▶ _Provided material_

=======

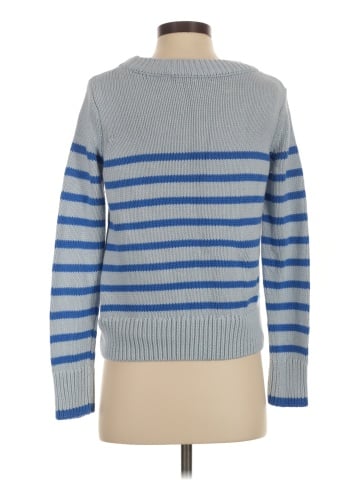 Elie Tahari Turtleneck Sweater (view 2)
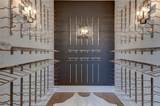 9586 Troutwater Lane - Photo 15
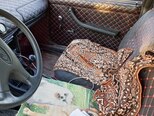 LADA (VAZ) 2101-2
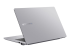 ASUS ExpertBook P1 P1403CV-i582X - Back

=======

Nothing but the lines from the one containing "9586 Troutwater Lane - Photo 15" through the last line of the material may appear in the answer, transcribed exactly and with no pictures.

 9586 Troutwater Lane - Photo 15
 LADA (VAZ) 2101-2
 ASUS ExpertBook P1 P1403CV-i582X - Back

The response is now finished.